Revision as of 17:34, 8 May 2014

History

Before motorized travel became common people traveled from location to location using "trails" or "traces". Most of these trails were well established by the time Europeans immigrated to the colonies. The original 'travelers' on these trails were various types of nomadic animals as they moved from place to place in search of grazing lands and fresh water. Native Americans were familiar with these trails and utilized them for thousands of years prior to settlement by Europeans. Because they were often well worn, easy to follow and led to grazing lands and fresh water Europeans utilized them as well on foot, horseback and with wagons. Many of these trails, or portions of them, were utilized in the construction of roads and highways in modern times.

Historical Data

One such trail is the Preston Trail, also called the Old Preston Road.  The Preston was originally part of an ancient trail that meandered from north to south and extended from parts of Missouri and Ohio southward to Mexico passing through the middle of Texas.  The Shawnee tribe utilized the trail for hundreds of years.
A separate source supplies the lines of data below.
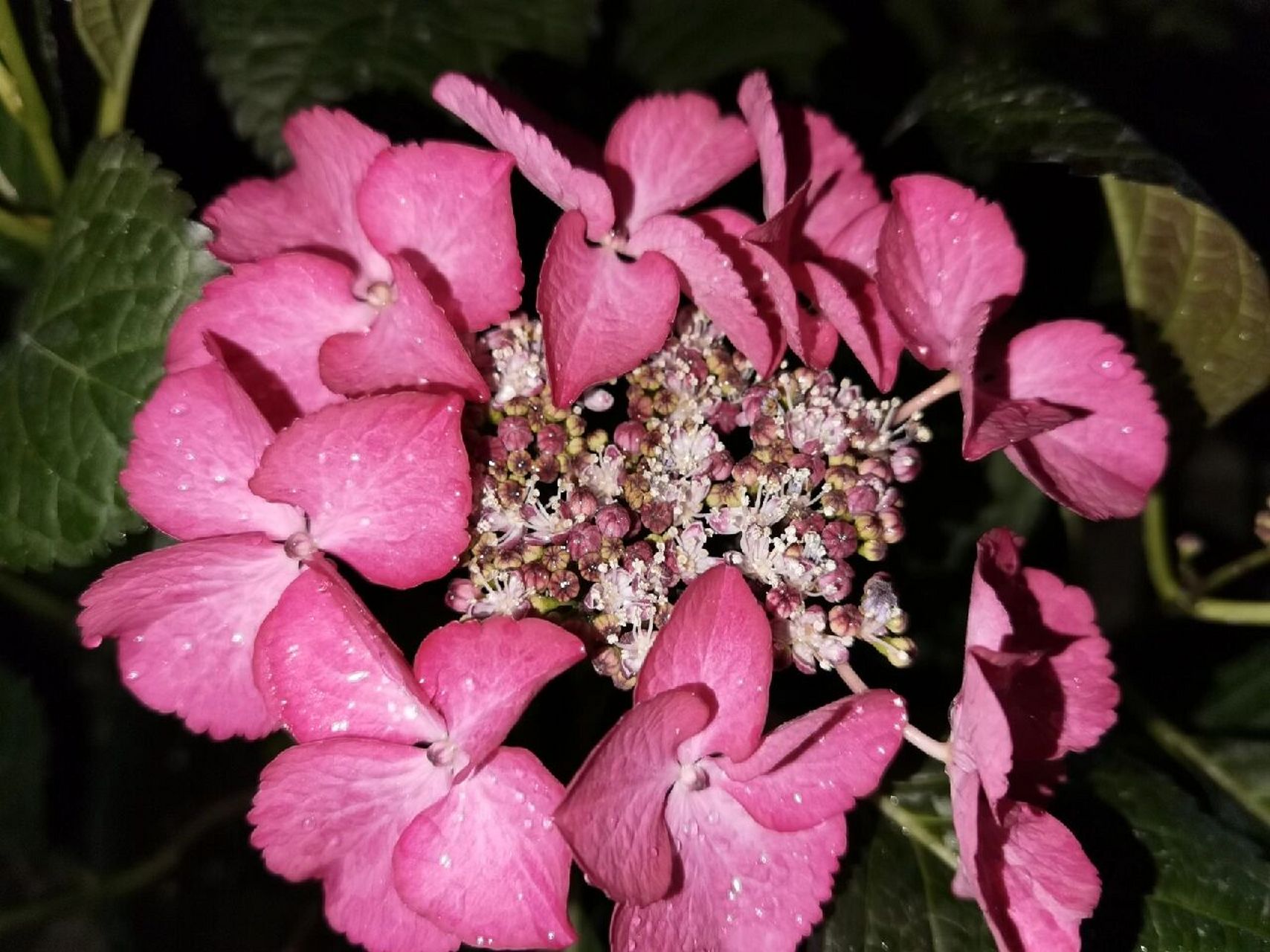 冷门绣球|暗夜天使/黑天使 之前在海妈家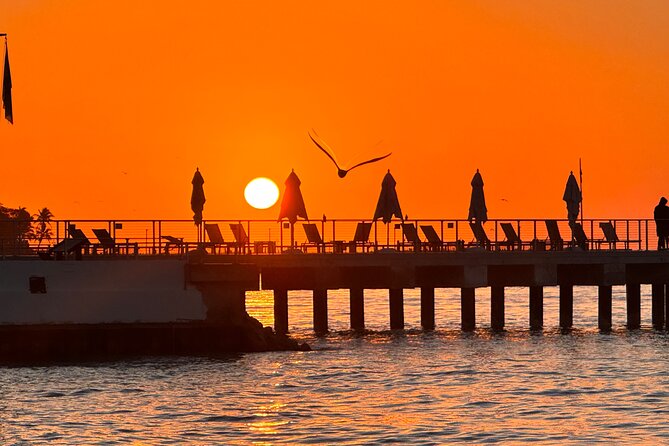 Private Full-Day Tour of Florida Keys from Miami/FLL to Key West - Stops Along the Route: Unique Landmarks and Wildlife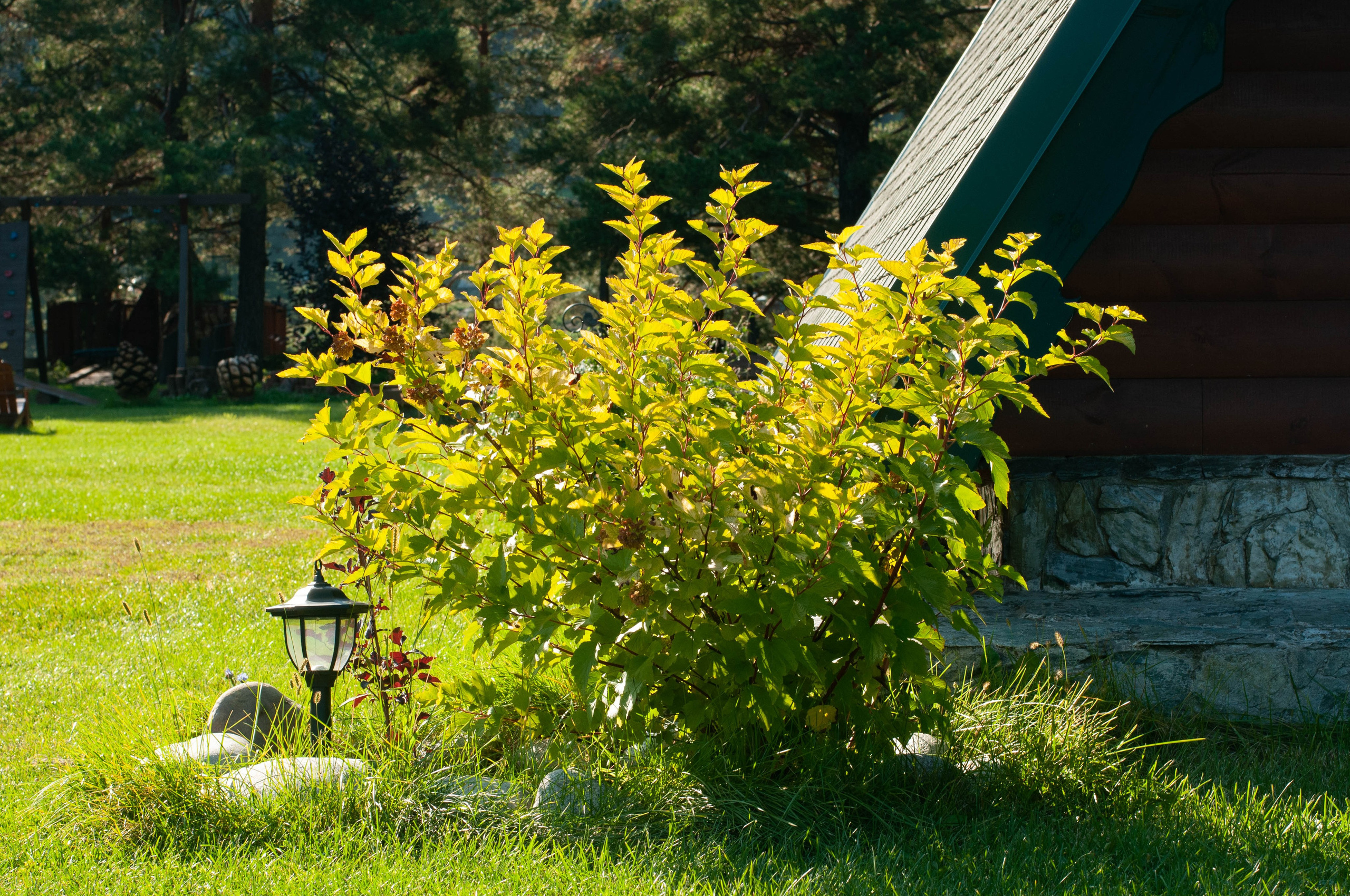 Интерьеры, ландшафты, предметы. Портретный фотограф в республике Алтай Юлия Шевченко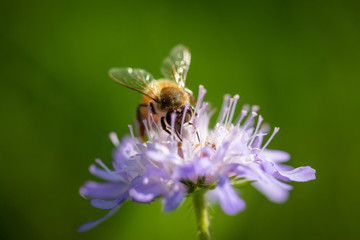 Bee on a spring flower collecting pollen and nectar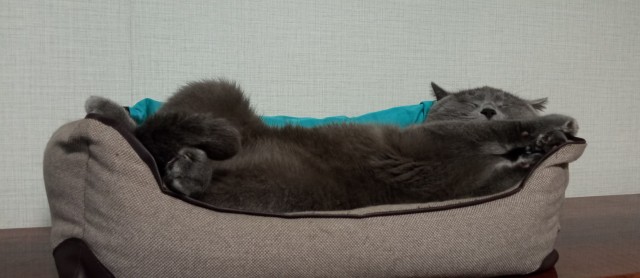 Походу мой кот бухает втихаря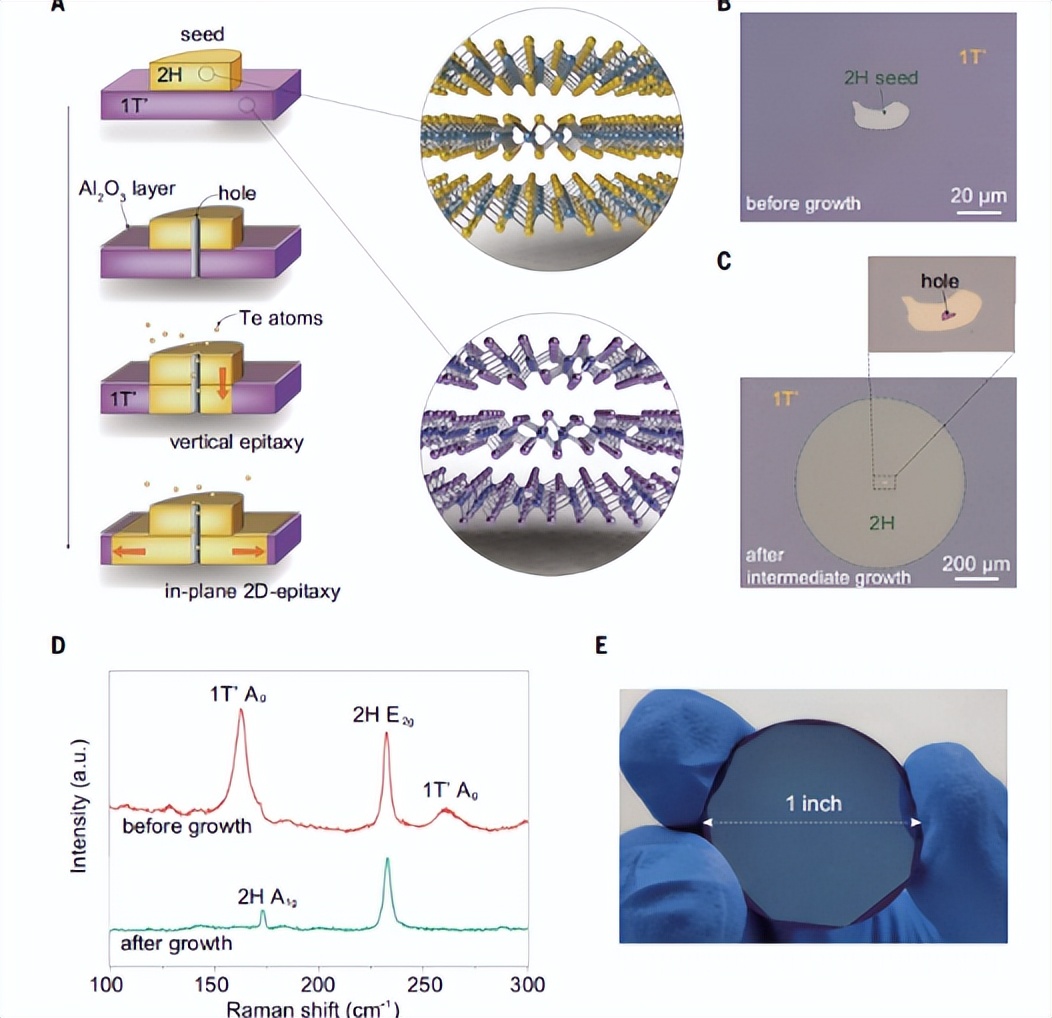 微电子和电子有什么区别,微电子跟什么有关系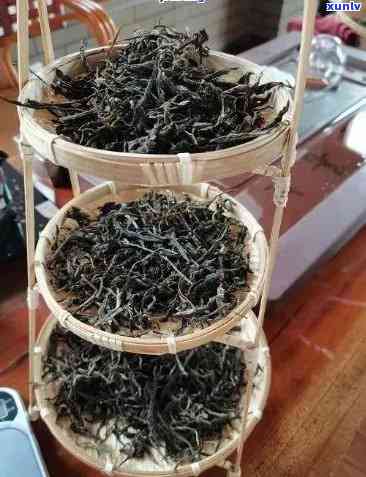 用普洱茶 *** 的罐装饮品：从茶叶罐到茶饮料罐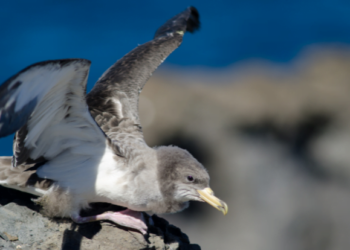 Save Our Shearwaters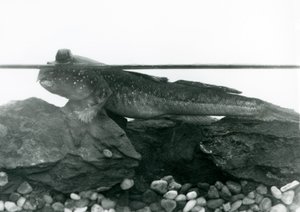 En mudderskipper, hvilende på nedsænkede klipper, med øjnene over vandet, London Zoo af Frederick William Bond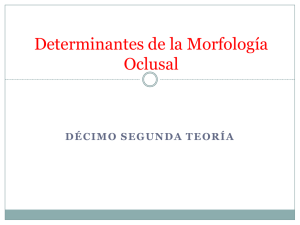 Determinantes de la Morfología Oclusal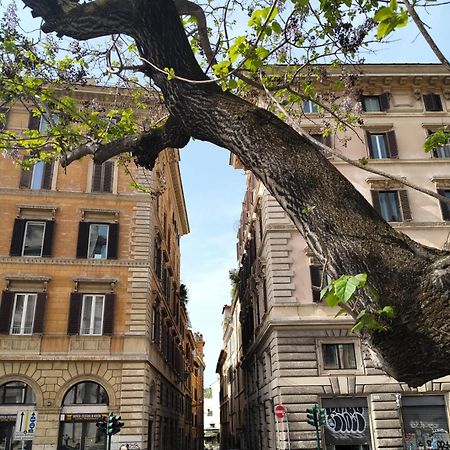 Vatican Near Sweet Home Terrace 로마 외부 사진
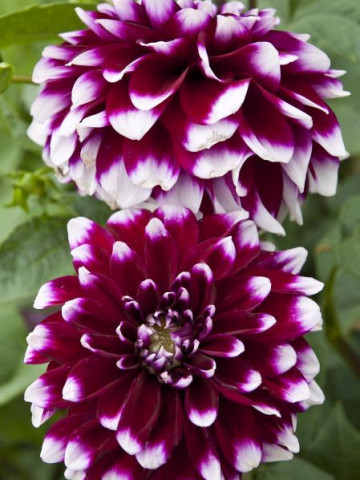 Dalie Decorative Purple and White (1 bulb), floare ciclam cu alb anuala, bulbi de flori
By 1839 the area then known as the Republic of Texas had a well organized military and began constuction of roads, building military forts along the way to protect settlers from attacks by native Americans in the area.  By 1840 the Preston Trail had become known as the Preston Road extending north through Grayson and Collin counties to the small town of Preston.

Modern Day

Texas State Highway 289  follows closely along what was originally called the Preston Trail and the term: "Preston Trail" has been used in the names of several institutions such as the Preston Trail Community Church in Frisco, Texas.